[About this exercise] Only the lines below from the one that contains "Graph: Latvia real GDP and inflation Graph: Latvia" through the one that contains "Sentença matemática. Abre" should appear in your answer, exact and without pictures.

[Data for this exercise]
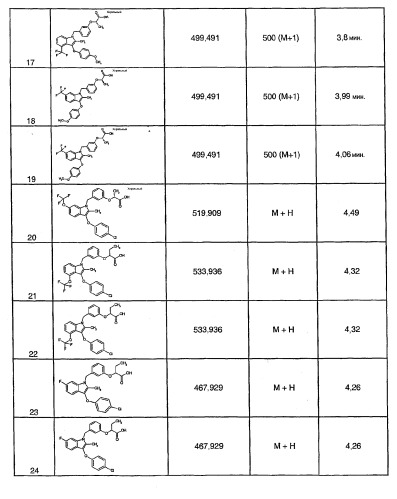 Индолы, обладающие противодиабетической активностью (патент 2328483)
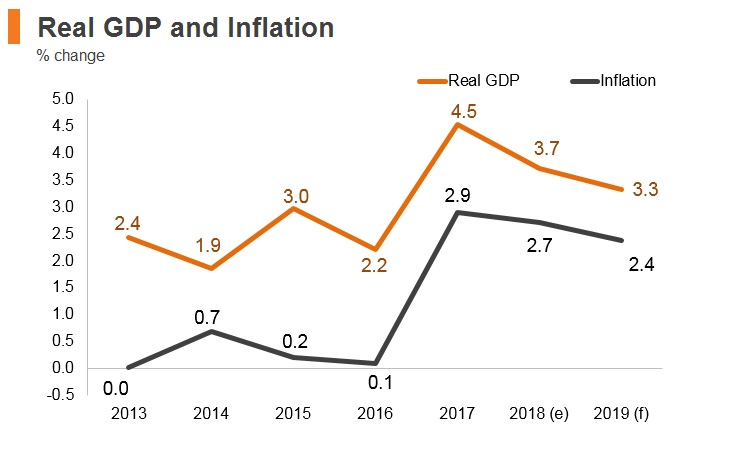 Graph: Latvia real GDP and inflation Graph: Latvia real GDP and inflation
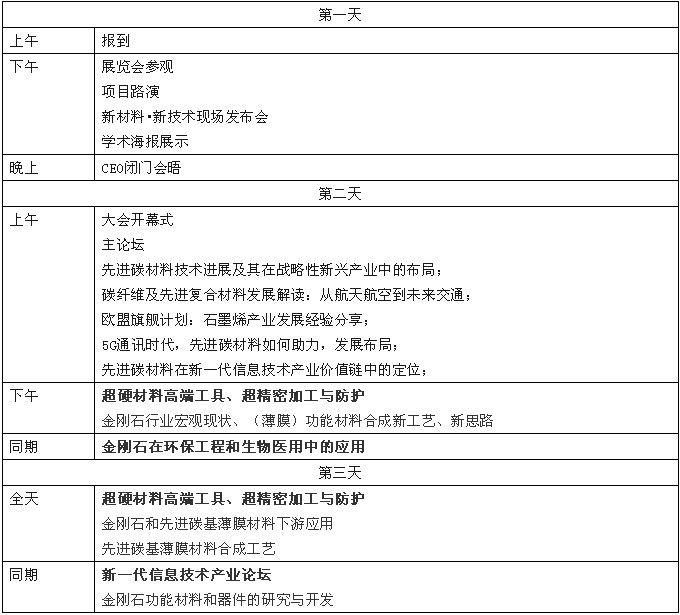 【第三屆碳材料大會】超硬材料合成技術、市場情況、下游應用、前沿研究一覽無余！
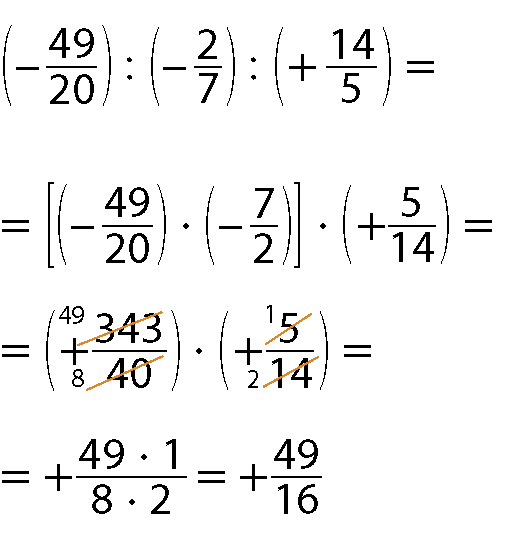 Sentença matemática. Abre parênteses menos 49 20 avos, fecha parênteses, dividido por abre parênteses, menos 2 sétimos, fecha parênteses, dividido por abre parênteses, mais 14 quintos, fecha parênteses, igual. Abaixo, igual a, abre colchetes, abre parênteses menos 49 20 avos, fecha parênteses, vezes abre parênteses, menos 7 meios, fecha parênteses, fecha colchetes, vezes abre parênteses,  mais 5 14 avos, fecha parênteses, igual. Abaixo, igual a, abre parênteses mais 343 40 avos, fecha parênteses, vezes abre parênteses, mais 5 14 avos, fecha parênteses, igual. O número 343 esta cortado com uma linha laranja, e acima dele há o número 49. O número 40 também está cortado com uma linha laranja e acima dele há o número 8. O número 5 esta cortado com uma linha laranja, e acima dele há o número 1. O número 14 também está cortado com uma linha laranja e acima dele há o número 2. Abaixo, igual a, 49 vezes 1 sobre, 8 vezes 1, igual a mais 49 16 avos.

--

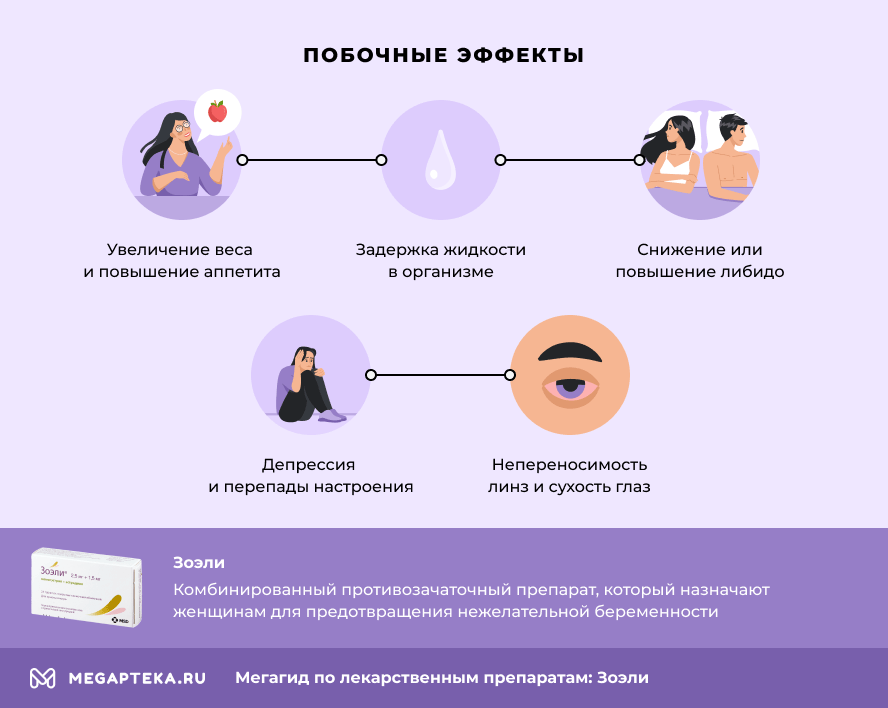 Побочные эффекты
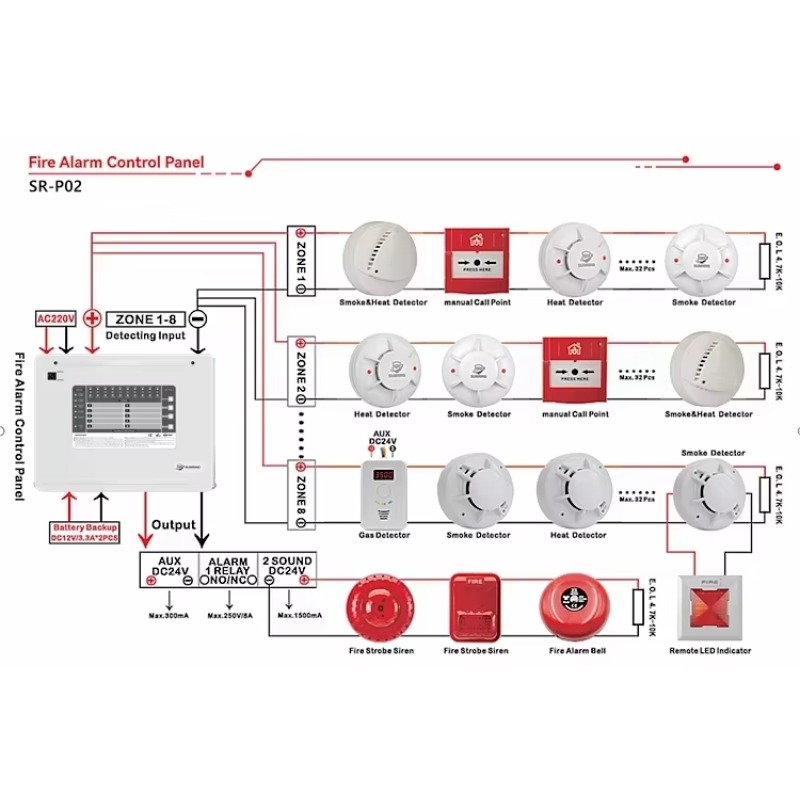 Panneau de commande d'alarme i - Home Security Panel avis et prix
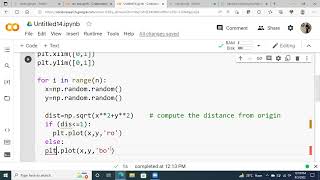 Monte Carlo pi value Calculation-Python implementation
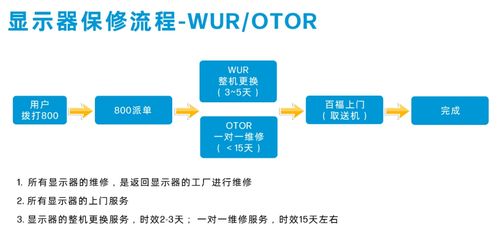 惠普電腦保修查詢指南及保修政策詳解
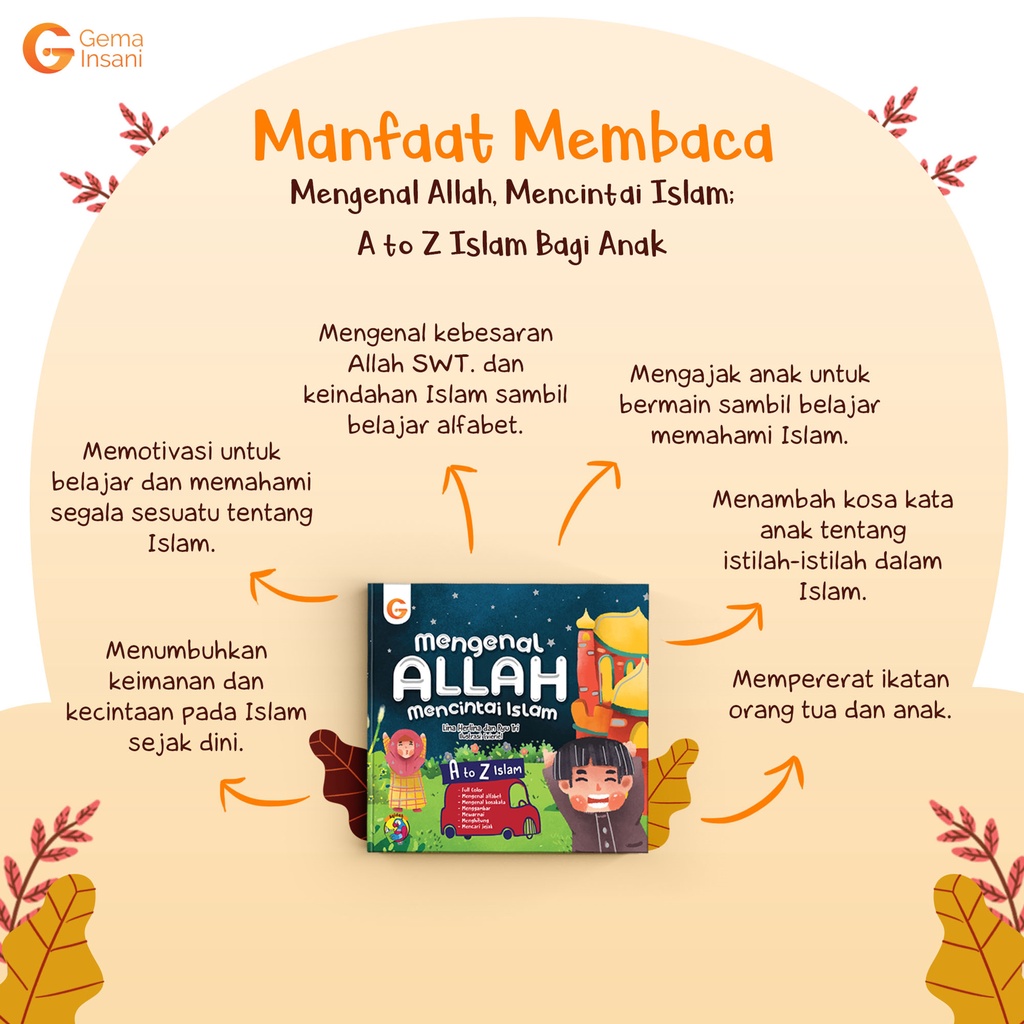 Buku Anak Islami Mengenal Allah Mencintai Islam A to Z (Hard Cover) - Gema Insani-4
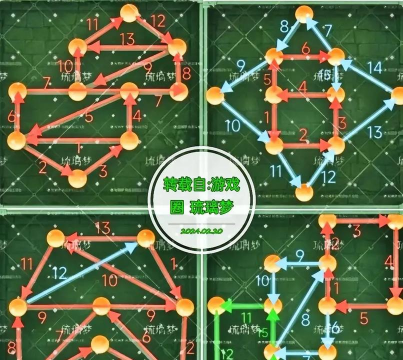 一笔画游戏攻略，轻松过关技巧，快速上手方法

[Finished exercise]
 Graph: Latvia real GDP and inflation Graph: Latvia real GDP and inflation
 【第三屆碳材料大會】超硬材料合成技術、市場情況、下游應用、前沿研究一覽無余！
 Sentença matemática. Abre parênteses menos 49 20 avos, fecha parênteses, dividido por abre parênteses, menos 2 sétimos, fecha parênteses, dividido por abre parênteses, mais 14 quintos, fecha parênteses, igual. Abaixo, igual a, abre colchetes, abre parênteses menos 49 20 avos, fecha parênteses, vezes abre parênteses, menos 7 meios, fecha parênteses, fecha colchetes, vezes abre parênteses,  mais 5 14 avos, fecha parênteses, igual. Abaixo, igual a, abre parênteses mais 343 40 avos, fecha parênteses, vezes abre parênteses, mais 5 14 avos, fecha parênteses, igual. O número 343 esta cortado com uma linha laranja, e acima dele há o número 49. O número 40 também está cortado com uma linha laranja e acima dele há o número 8. O número 5 esta cortado com uma linha laranja, e acima dele há o número 1. O número 14 também está cortado com uma linha laranja e acima dele há o número 2. Abaixo, igual a, 49 vezes 1 sobre, 8 vezes 1, igual a mais 49 16 avos.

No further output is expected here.